Projekt zur Gesundheitsförderung von Arbeitssuchenden präsentiert Evaluationsergebnisse 

Magdeburg. Arbeitslosigkeit bedeutet nicht nur finanzielle Einbußen, sondern kann auch den Verlust sozialer Kontakte, einer festen Tagesstruktur und von Zukunftsperspektiven mit sich bringen. Auch gesundheitliche Probleme durch fehlende Bewegung und Antriebslosigkeit z.B. können hinzukommen. An all diesen Punkten setzt das bundesweite Projekt "Verzahnung von Arbeits- und Gesundheitsförderung in der kommunalen Lebenswelt" an, welches in Sachsen-Anhalt in den Jahren 2017 bis 2019 unter Beteiligung von sieben Jobcentern und einer Agentur für Arbeit umgesetzt wurde. Dabei sollen besonders Langzeitarbeitslose durch die Teilnahme an Maßnahmen der Gesundheitsförderung neue Impulse und Anreize für eine berufliche Neuausrichtung erhalten sowie in ihrem Selbstwertgefühl gestärkt werden.

In die Kooperation eingebunden sind zudem das Ministerium für Arbeit, Soziales und Integration, die Bundesagentur für Arbeit sowie das GKV-Bündnis für Gesundheit unter Federführung der IKK gesund plus. Das Projektmanagement erfolgt über die Landesvereinigung für Gesundheit Sachsen-Anhalt (LVG).

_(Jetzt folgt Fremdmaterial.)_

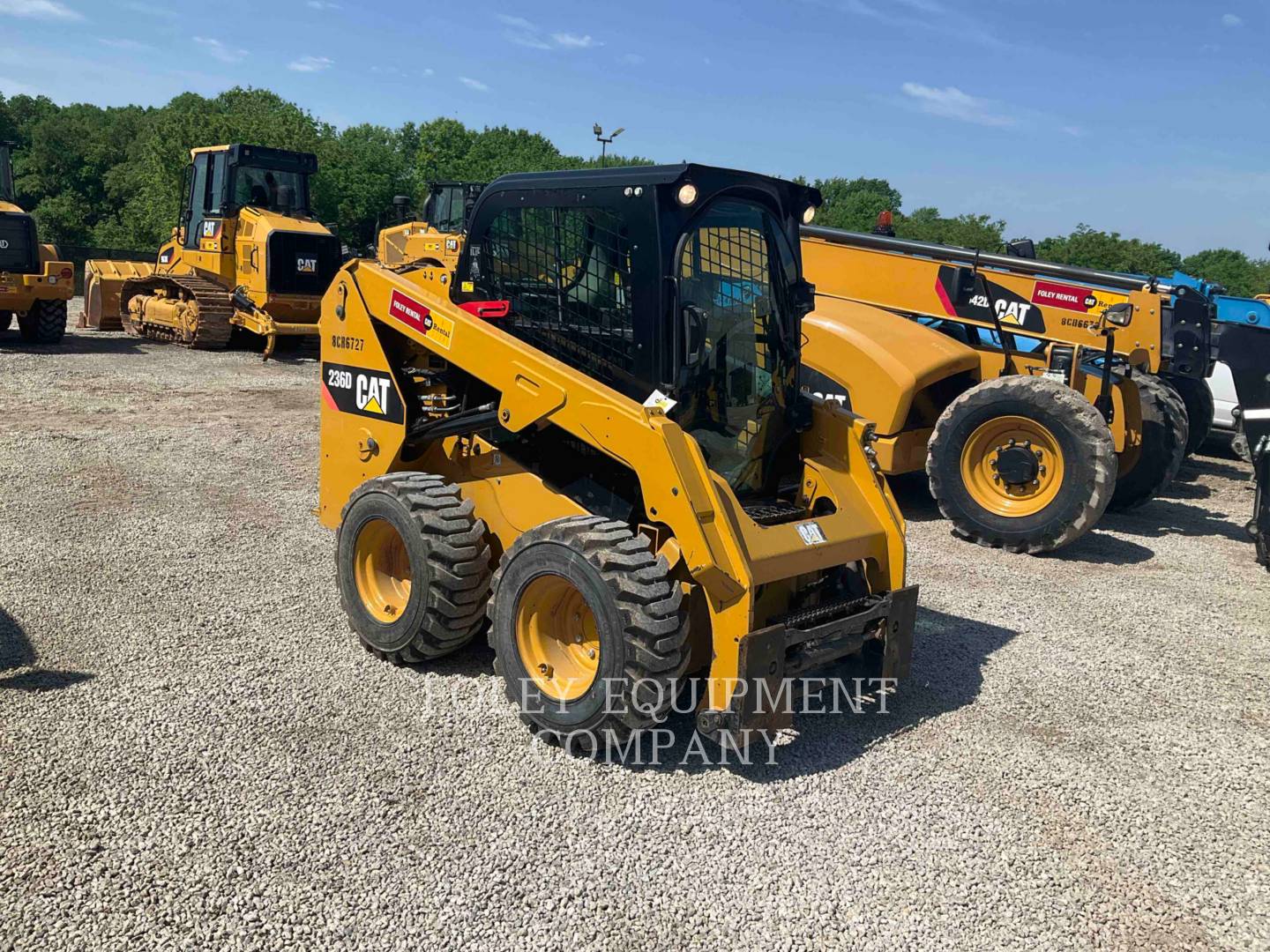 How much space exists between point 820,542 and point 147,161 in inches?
1667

Alle beteiligten Partner hatten sich bereits zu Projektbeginn für eine interne Evaluation entschieden, um die Akzeptanz und Wirksamkeit der Maßnahmen für die Zielerreichung zu belegen. Die daraus resultierenden Ergebnisse des Erhebungszeitraumes 13.09.2017 bis einschließlich 30.09.2019 liegen nun vor. Sie zeigen die positiven Effekte, welche das Projekt für die Betroffenen hat, deutlich.

Rund 71 % der Teilnehmenden berichten von einem besseren Gesundheitsempfinden. Eine gestärkte soziale Teilhabe sowie eine physische und psychische Aktivierung sind weitere positive Effekte, welche genannt wurden. Das Angebot einer Gesundheitsleistung empfinden viele der Arbeitssuchenden als Wertschätzung, was positive Auswirkungen auf das eigene Selbstwertgefühl hat. „Dies sind Faktoren, welche die Chancen auf einen Wiedereinstieg in den Arbeitsmarkt immens erhöhen“, konstatiert Petra Grimm-Benne, Ministerin für Arbeit, Soziales und Integration. "Denn das ist auch das Ziel dieser besonderen Angebote in Sachsen-Anhalt. Zwischen körperlicher sowie geistiger Verfassung und sozialer Eingebundenheit gibt es einen engen Zusammenhang, der durch speziell ausgerichteten Gesundheitsangebote positiv geprägt wird."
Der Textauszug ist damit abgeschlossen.